- _Information provided_
# # # # #

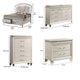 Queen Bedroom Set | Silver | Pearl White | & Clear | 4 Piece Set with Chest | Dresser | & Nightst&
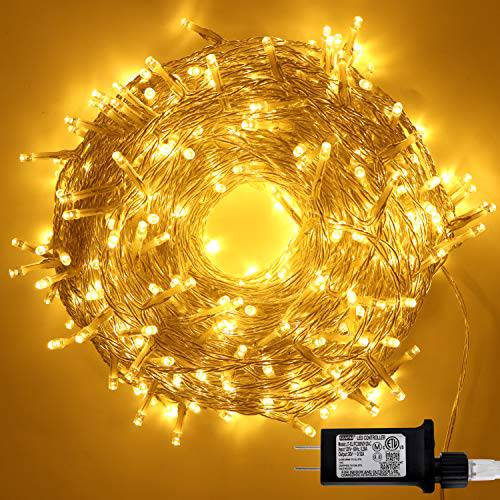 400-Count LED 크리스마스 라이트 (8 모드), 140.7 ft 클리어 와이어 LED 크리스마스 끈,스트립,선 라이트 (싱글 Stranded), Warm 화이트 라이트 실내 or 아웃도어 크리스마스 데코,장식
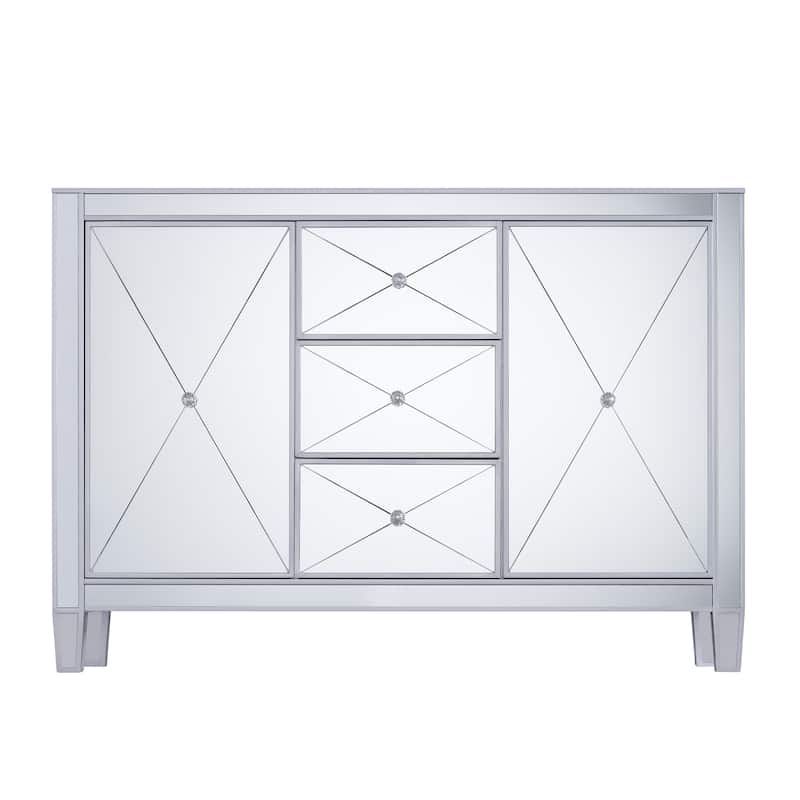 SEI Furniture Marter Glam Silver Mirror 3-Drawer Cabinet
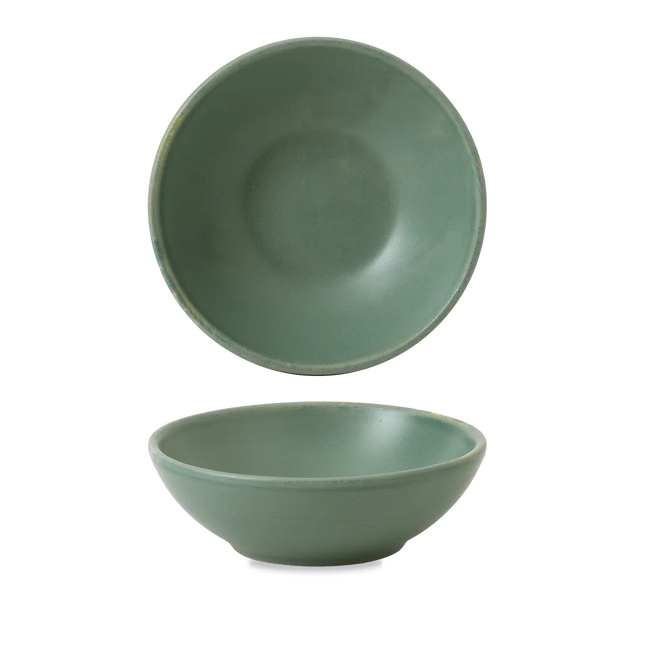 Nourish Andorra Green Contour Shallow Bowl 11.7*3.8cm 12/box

# # # # #

- _Problem details_
A word-for-word copy is required of the lines above from the line with "400-Count LED 크리스마스" through the last line of the data; no other lines and no pictures belong in it.

- _Response to the exercise_
 400-Count LED 크리스마스 라이트 (8 모드), 140.7 ft 클리어 와이어 LED 크리스마스 끈,스트립,선 라이트 (싱글 Stranded), Warm 화이트 라이트 실내 or 아웃도어 크리스마스 데코,장식
 SEI Furniture Marter Glam Silver Mirror 3-Drawer Cabinet
 Nourish Andorra Green Contour Shallow Bowl 11.7*3.8cm 12/box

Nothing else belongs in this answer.